A Noninvasive Modality

Normally, I don’t comment on alternative “healing arts,” but sometimes their practitioners present a perfect combination of absurdity and pretentiousness that begs for a response.

In what amounts to a free advertisement, today’s Provo Daily Herald gives us this article:

Highland Woman Practices Ancient Healing Art

Apparently, one Linda Millington of Highland, Utah, has decided that, of all the “ancient Asian healing arts … the of [sic] art of Jin Shin Jyutsu … works best for her.”

I know some people believe they find relief for their infirmities in Asian healing arts, but I would not go to a healer who described her practice thus:

“It is a noninvasive modality which clears the emotional blockages that may present themselves physically in the body. … It harmonizes the energies throughout the body with the universal pulse.”

Well, that makes sense, doesn’t it?

Then comes this gem:

“She listens to the pulse but not the sound of the blood flowing.”

To clarify, we’re told:

“I listen or feel through my hands for the depth, organ function and texture. … You can tell if the pulse is opened or closed, cold or hot.”

Given that the pulse is the expanding and contracting of the blood vessels, one would expect anyone could tell if the vessels are open or closed, but how is a pulse open or closed? or hot or cold?

Thus far, she hasn’t instilled a lot of confidence in her abilities to do much more than a garden-variety nurse’s assistant. But she presses on. After putting her clients in a relaxing, reclined position, she “places her hands under key points or meridians such as the back of the neck, waist or the shoulder. By listening with her hands she can tell is there is disharmony and seeks to bring it back into harmony. ‘My hands are acting as jumper cables to help the body energies realign,’ she said.”

We’re then treated to a history of this ancient healing art and told of Ms. Millington’s training as a massage therapist and her studies of Jin Shin Jyutsu in Japan and Thailand. “It was like learning a whole new language.” Indeed, one who speaks of noninvasive modalities and realigning the body energies is probably speaking a new language, at least one different from mine.

Up to this point, this woman comes across as merely pretentious and a little silly, but when she veers into dangerous irresponsibility, I figure I should say something:

“If I were to fall and hurt my back the first thing I would do is get to a Jin Shin Jitsu practitioner. … The sooner the better.

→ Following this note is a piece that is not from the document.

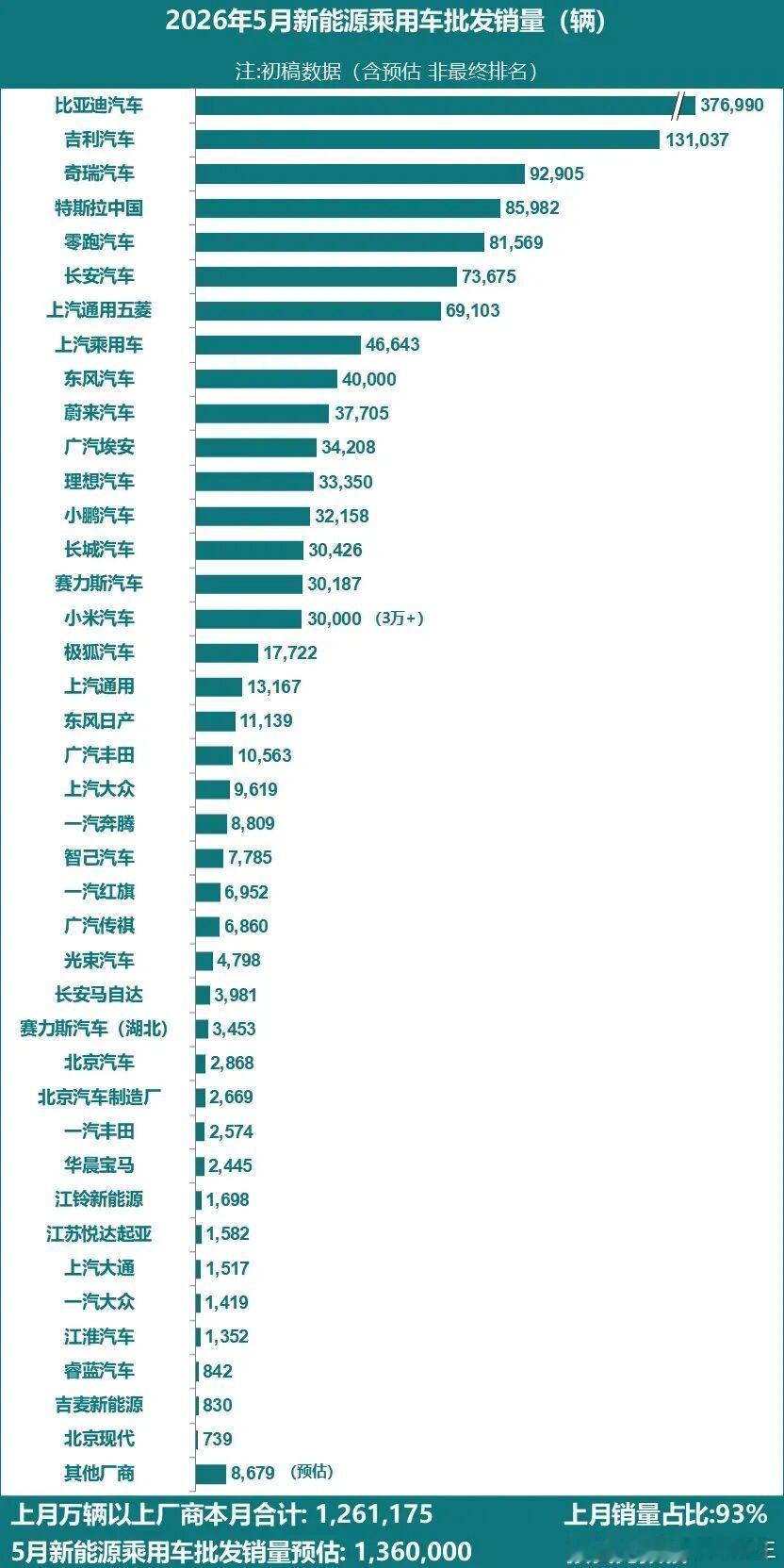 5月新能源批发销量预估136万辆 2026年5月全国乘用车厂商新能源批发预估13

It can’t hurt and it can get the spinal fluids moving again. Of course you have to use common sense.”

Um, yes, it can hurt to take an injured person to an ancient healing arts practitioner instead of the emergency room. I know, she said, “Of course you have to use common sense.” Given that she believes that she can clear emotional blockages by listening to the universal pulse with her hands, we have some idea of what she considers “common sense.”

The Herald is every bit as irresponsible as she is for printing this stuff. Would they advise their readers to head to a Benny Hinn or Todd Coontz revival–or even to get an LDS priesthood blessing–instead of the ER? Most likely not, but here they are telling people with back injuries(!) to go to someone who can get their spinal fluids moving.

To quote Tim Minchin:

“You know what they call ‘alternative medicine’ that’s been proved to work? Medicine.”

4 Responses to A Noninvasive Modality

  1. Diane Sower says:

    I would say you don’t have to agree with all eastern modalities of medicine, but personally, I was able to bipass having a serious surgery that nobody knew would work or not by seeing an acupuncturist, who helped with dietary healing as well. I’ve been back many times over the last 18 years, and for the Chinese culture, to practice something going on 4,000 years now, they must know something. Some medical doctors in China specialize only in acupuncture, and can use it during surgery instead of knocking the patient out. And don’t give me the whiney stuff I’ve heard about needles. They are so narrow, you don’t know they are there.

  2. Odell says:

    Is it just me, or is Utah a hot bed of alternative medicine?

  3. Tim Spencer says:

    Great post, Runtu.

    Very irresponsible!

  4. exmo says:

    Just found your blog and I love it. I read your most recent post on RfM earlier.

    This post is awesome. It’s nice to hear someone else criticizing the irresponsibility of some alternative medicine, because some of my family think I am crazy for not believing in it. My aunt is into all this alternative stuff. She says that ALL physical problems are caused by “emotional blockages of healing energy,” so pretty similar to what Linda Millington is about. So cancer of the throat? She says it is caused by “not speaking your truth to those who need to hear it.” AND she stated that anyone can be cured of cancer if they are open to finding the emotional cause. WHAT. When her daughter hit her head, she poured this strange liquid substance on the cut and “cleansed her aura” before finally deciding to take her to the doctor and get stitches since it wouldn’t stop bleeding.

    Yet she still claims doctors are “full of crap.”